- Theatrical release poster
- Directed by: Deena Nath Madhok
- Written by: Deena Nath Madhok
- Screenplay by: Deena Nath Madhok
- Story by: Deena Nath Madhok
- Produced by: Madhubala Private Ltd.
- Starring: Madhubala Abhi Bhattacharya Chanchal
- Music by: S. Mohinder
- Release date: December 16, 1955;
- Country: India
- Language: Hindi

= Naata (film) =

1955 film by Deena Nath Madhok

Naata (lit. 'Relation') is a 1955 Indian Hindi-language film directed by Deena Nath Madhok and starring Madhubala, Abhi Bhattacharya and Chanchal.' The film was produced under the banner of Madhubala Private Ltd., which she had set up in 1953 along with her father, Ataullah Khan. Upon its release, Naata received mixed reviews from critics and failed at the box office.

== Plot ==
Naata was the story of a traumatized girl who relates the romance between her sister and a new post-master.

== Cast ==
- Madhubala as Tara
- Abhi Bhattacharya as Bade Babu
- Chanchal as Beena
- Gope as Shravan Kumar
- Moolchand as Harmonium Player in Qawwali
- Kanhaiyalal as Lakhibaba
- Vijayalakshmi as Seeta

== Production ==
Naata was announced in January 1955, at a time when Madhubala was facing a career setback due to continuous box office failures.

The film was Madhubala and Ataullah Khan's first venture into independent production, under their own production house, Madhubala Private Ltd. They had earlier co-produced two films (Pardes, 1950, and Rail Ka Dibba, 1953) under the banner of producer P. N. Arora.

== Soundtrack ==
The soundtrack of Naata was composed by S. Mohinder, with lyrics being penned by Tanveer Naqvi. As reported by Cinestaan, Madhubala wanted Lata Mangeshkar to lend her voice to the songs of the film, but Mangeshkar was uninterested and refused. It was then Naqvi's wife who convinced Mangeshkar to sing for Naata. The film's songs proved to be very popular among the audience.

| No. | Song | Singer |
| 1 | "Dekhte Dekhte Jal Gaya Aashiyaan" | Lata Mangeshkar |
| 2 | "Lagan Lagi Hai Sajan Milan Ki" |
| 3 | "Sun Sakhi Ri Tera Jal Chuka Aashiyaan" |
| 4 | "Jawani Jhulti Hai Aashiqi Jhula Jhulati Hai" |
| 5 | "Is Bewafa Jahan Ka Dastoor Hai Purana" |
| 6 | "Mat Samajho Neer Bahaatee Hoon" |
| 7 | "More Salone Kanha Gana Murali Pe Wo Gana" | Lata Mangeshkar, Sudha Malhotra |
| 8 | "Ghir Ghir Chhayi Mast Ghataye" | Lata Mangeshkar, Sudha Malhotra |
| 9 | "Dhadke Rah Rah Ke Dil Bawra" | Lata Mangeshkar, Mohammed Rafi, S. Balbir, Shamshad Begum |
| 10 | "Suno Suno Ek Nayi Kahani" | Mohammed Rafi |
| 11 | "Ek Muddat Se Diwana Di" | Mohammed Rafi, S. D. Batish |

== Reception ==
The film was released on 16 December 1955.

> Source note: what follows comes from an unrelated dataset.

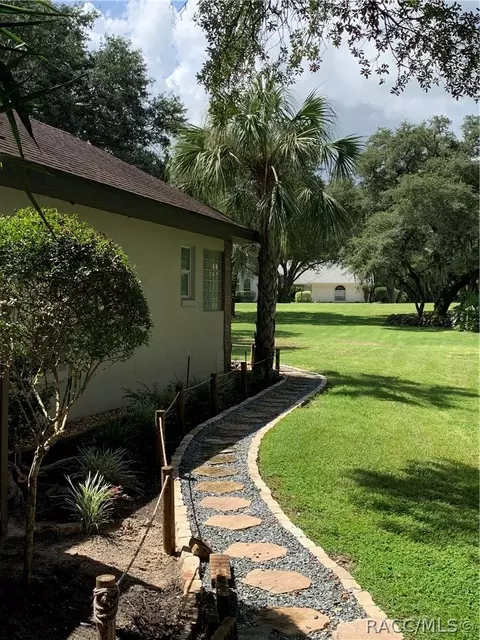 243 W Liberty St, Hernando, FL 34442 photo 8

Writing for Filmindia, Baburao Patel stated: "Naata is a dull, poor and clumsy picture. And it only seems capable of proving a headache to picture-goers and a hazard to exhibitors." A reviewer for the journal Thought criticised the screenplay and direction, while praising the cinematography. The performances of Madhubala and Chanchal were lauded, but Bhattacharya was called "wooden".

On the contrary, a critic for The Times of India described Naata as a "beautiful idyllic romantic drama". Swatantra magazine called it a "commendable venture" for "providing clean, wholesome and neat fare devoid of any cheapness and vulgarity"; the reviewer also noted "great depth and intensity" in the leading actors' work, adding that "Madhubala has never before given such an excellent performance". F. Talyarkhan of Trend magazine observed that despite the mixed reviews, Madhubala has successfully used the film into earning greater publicity for her sister, Chanchal.

Naata underperformed at the box-office, forcing Madhubala and her father to mortgage a bungalow to recover the financial losses.